(Data entries)
• • • •

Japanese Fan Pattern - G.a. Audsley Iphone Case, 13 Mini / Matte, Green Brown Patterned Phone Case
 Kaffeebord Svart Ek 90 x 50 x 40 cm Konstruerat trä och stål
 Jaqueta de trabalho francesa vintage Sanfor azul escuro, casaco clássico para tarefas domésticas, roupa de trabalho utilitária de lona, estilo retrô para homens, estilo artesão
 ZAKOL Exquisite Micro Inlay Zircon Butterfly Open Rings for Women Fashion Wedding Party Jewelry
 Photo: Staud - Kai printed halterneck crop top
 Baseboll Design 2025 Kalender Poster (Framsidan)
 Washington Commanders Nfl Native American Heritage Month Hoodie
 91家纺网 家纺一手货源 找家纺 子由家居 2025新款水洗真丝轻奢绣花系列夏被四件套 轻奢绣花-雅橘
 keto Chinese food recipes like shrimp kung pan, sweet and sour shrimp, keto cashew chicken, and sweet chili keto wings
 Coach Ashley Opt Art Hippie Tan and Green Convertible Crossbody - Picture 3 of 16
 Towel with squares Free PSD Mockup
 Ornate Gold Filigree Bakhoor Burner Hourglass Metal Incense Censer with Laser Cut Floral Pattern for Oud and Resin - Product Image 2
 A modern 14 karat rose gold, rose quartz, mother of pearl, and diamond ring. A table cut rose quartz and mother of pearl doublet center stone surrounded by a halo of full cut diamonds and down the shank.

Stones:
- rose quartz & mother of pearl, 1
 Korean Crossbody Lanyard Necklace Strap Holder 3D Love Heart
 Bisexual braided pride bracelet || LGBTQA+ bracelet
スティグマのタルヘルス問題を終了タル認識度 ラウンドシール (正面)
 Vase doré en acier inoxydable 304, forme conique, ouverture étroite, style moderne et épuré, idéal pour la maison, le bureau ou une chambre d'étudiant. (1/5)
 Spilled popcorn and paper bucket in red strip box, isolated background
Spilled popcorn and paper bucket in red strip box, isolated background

• • • •

**Required action**
Give again the closing portion of the entries, from the line with "keto Chinese food" through the last line. Keep it exact and add nothing.

**Answer space**
 keto Chinese food recipes like shrimp kung pan, sweet and sour shrimp, keto cashew chicken, and sweet chili keto wings
 Coach Ashley Opt Art Hippie Tan and Green Convertible Crossbody - Picture 3 of 16
 Towel with squares Free PSD Mockup
 Ornate Gold Filigree Bakhoor Burner Hourglass Metal Incense Censer with Laser Cut Floral Pattern for Oud and Resin - Product Image 2
 A modern 14 karat rose gold, rose quartz, mother of pearl, and diamond ring. A table cut rose quartz and mother of pearl doublet center stone surrounded by a halo of full cut diamonds and down the shank.

Stones:
- rose quartz & mother of pearl, 1
 Korean Crossbody Lanyard Necklace Strap Holder 3D Love Heart
 Bisexual braided pride bracelet || LGBTQA+ bracelet
スティグマのタルヘルス問題を終了タル認識度 ラウンドシール (正面)
 Vase doré en acier inoxydable 304, forme conique, ouverture étroite, style moderne et épuré, idéal pour la maison, le bureau ou une chambre d'étudiant. (1/5)
 Spilled popcorn and paper bucket in red strip box, isolated background
Spilled popcorn and paper bucket in red strip box, isolated background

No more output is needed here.